Supported by
Trump’s Economic Cabinet Is Mostly Bare. This Man Fills the Void.
![](https://static01.nyt.com/images/2017/02/10/business/DB-COHN/DB-COHN-thumbLarge.jpg?quality=75&auto=webp&disable=upscale)
A few weeks after the election, Gary Cohn, the president of Goldman Sachs, was summoned to Trump Tower for a discussion about the economy. It would be the first of many such meetings with President-elect Donald J. Trump.
During that sit-down, on Nov. 29, Mr. Cohn briefed Mr. Trump on what he regarded as the chief hurdle to expanding the economy, according to people who were briefed on the discussion: a stronger dollar, which would undermine efforts to create jobs.
Mr. Cohn also argued that the bold infrastructure projects that Mr. Trump envisioned would need private-industry partners, those people said, in order to avoid weighing down the government with costs.

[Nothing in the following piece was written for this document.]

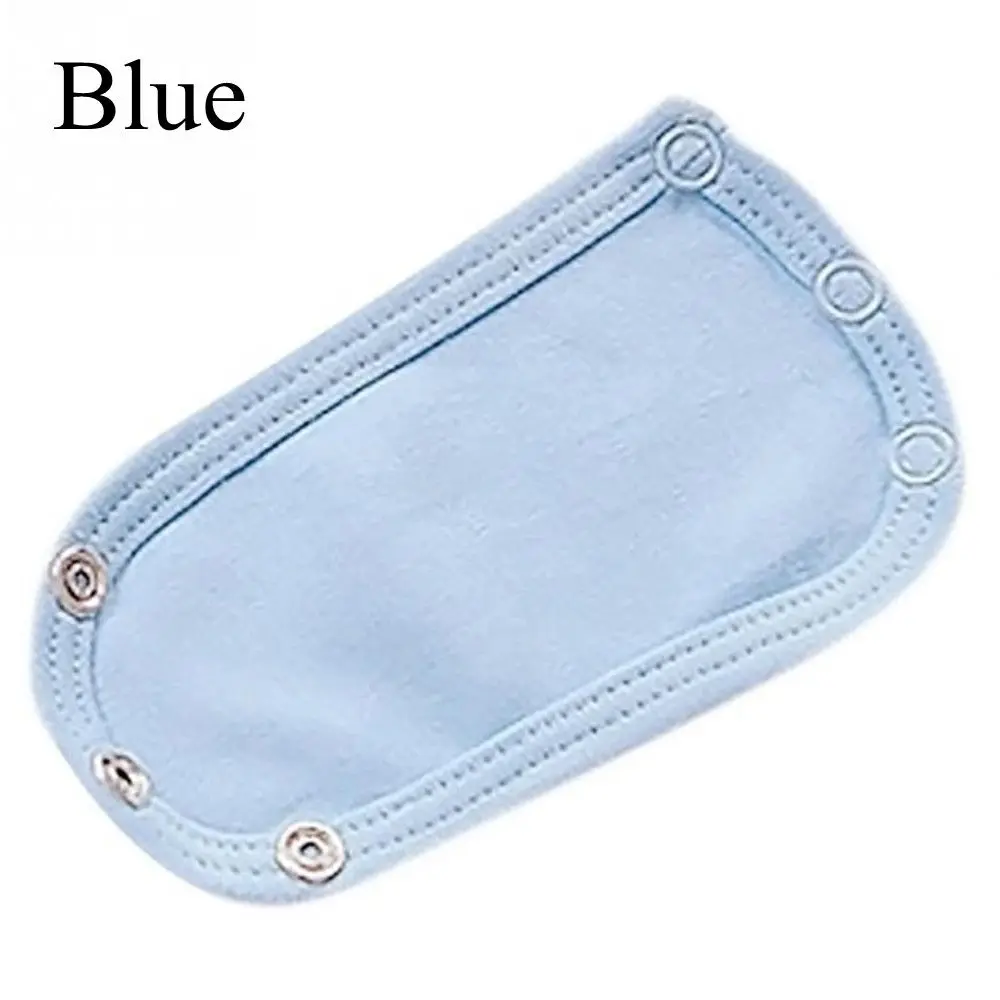 4 Colors Soft Cotton Bodysuit Extend Changing Pads Covers Diaper Lengthen Jumpsuit Extend Jumpsuit Pads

That got Mr. Trump’s attention.
The president-elect turned to the other people in the room — his son-in-law, Jared Kushner; his chief strategist, Stephen K. Bannon; his chief of staff, Reince Priebus; and Steven T. Mnuchin, his campaign’s chief fund-raiser and Mr. Trump’s nominee to be Treasury secretary — surprised that his infrastructure ideas had such a potential downside.
“Is this true?” Mr. Trump asked the group, according to those people. Heads nodded. “Why did I have to wait to have this guy tell me?” he demanded.
It would not be the only time Mr. Cohn was a lonely voice in Mr. Trump’s inner sanctum. Two and a half months after that initial meeting, with key economic posts in the White House and cabinet still vacant, he has become the go-to figure on matters related to jobs, business and growth. He resigned from his position at Goldman in December to become director of the president’s National Economic Council.